Recorded data
+++
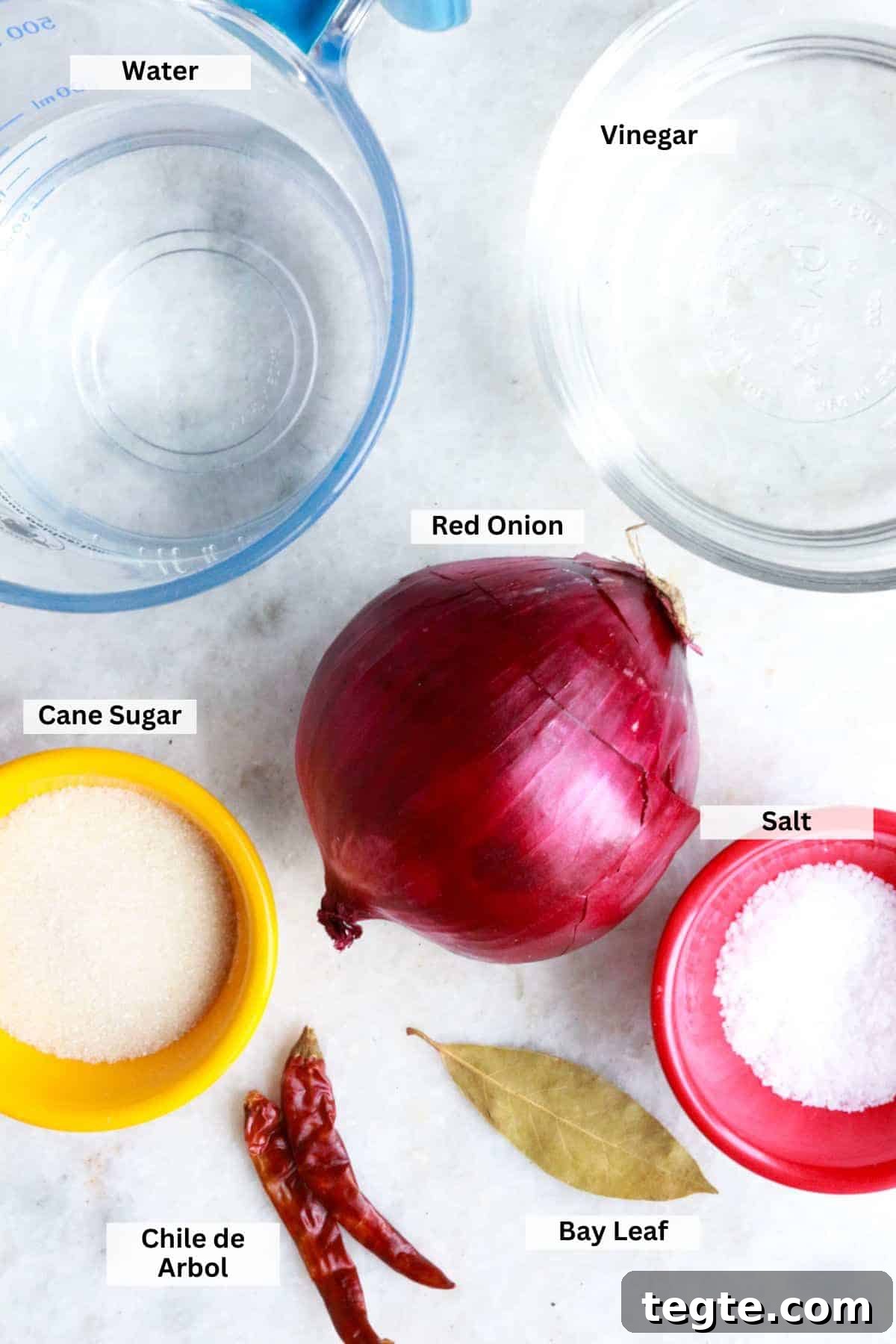Bowl of white vinegar, measuring cup with water, sugar, chiles de arbol, bay leaf, red onion and salt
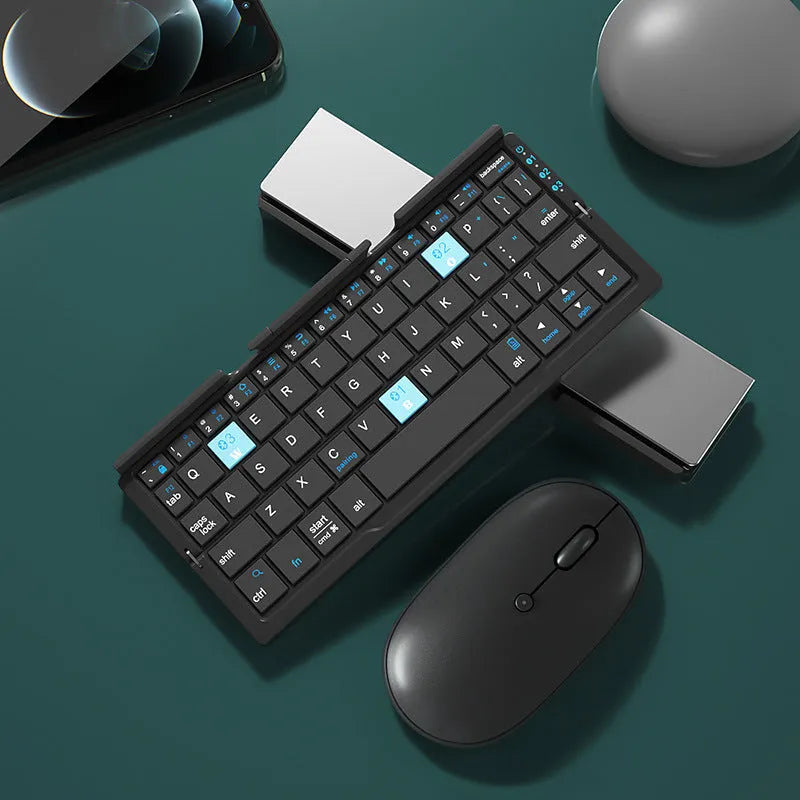 Silver folding Bluetooth keyboard propping up smartphone with hidden stand extended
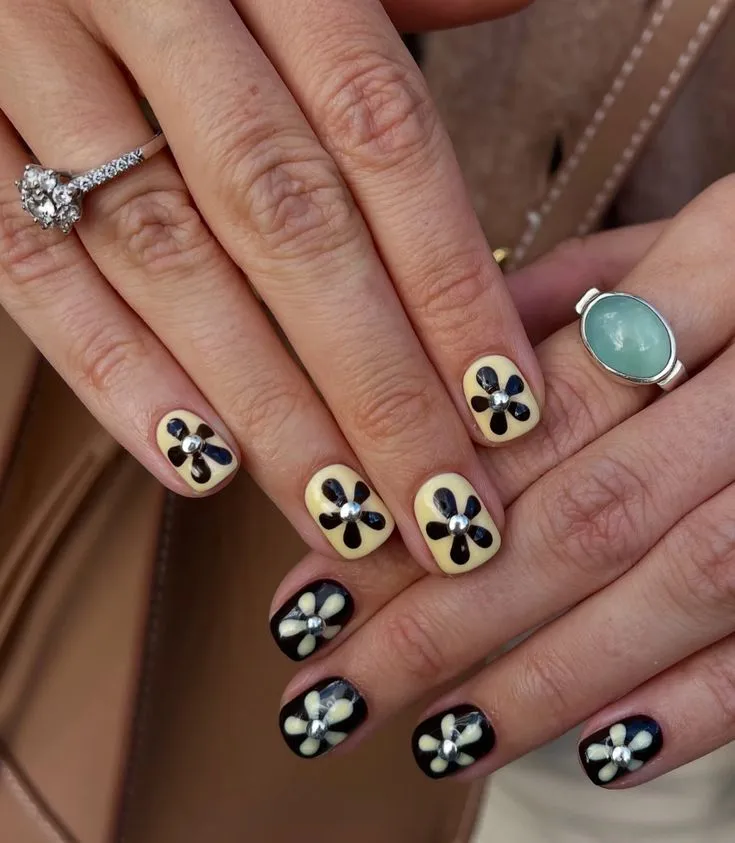 Geometric flower square nail designs - modern hand showcasing geometric flower patterns, featuring clean lines and structured floral elements on square-shaped nails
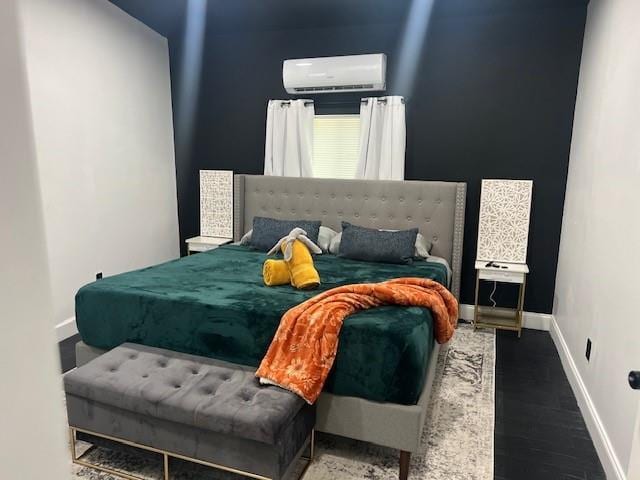 bedroom featuring a wall mounted AC, wood finished floors, and baseboards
+++
Assigned task
Reproduce the listing exactly, but keep its images out of the copy.

Exercise solution
Bowl of white vinegar, measuring cup with water, sugar, chiles de arbol, bay leaf, red onion and salt
 Silver folding Bluetooth keyboard propping up smartphone with hidden stand extended
 Geometric flower square nail designs - modern hand showcasing geometric flower patterns, featuring clean lines and structured floral elements on square-shaped nails
 bedroom featuring a wall mounted AC, wood finished floors, and baseboards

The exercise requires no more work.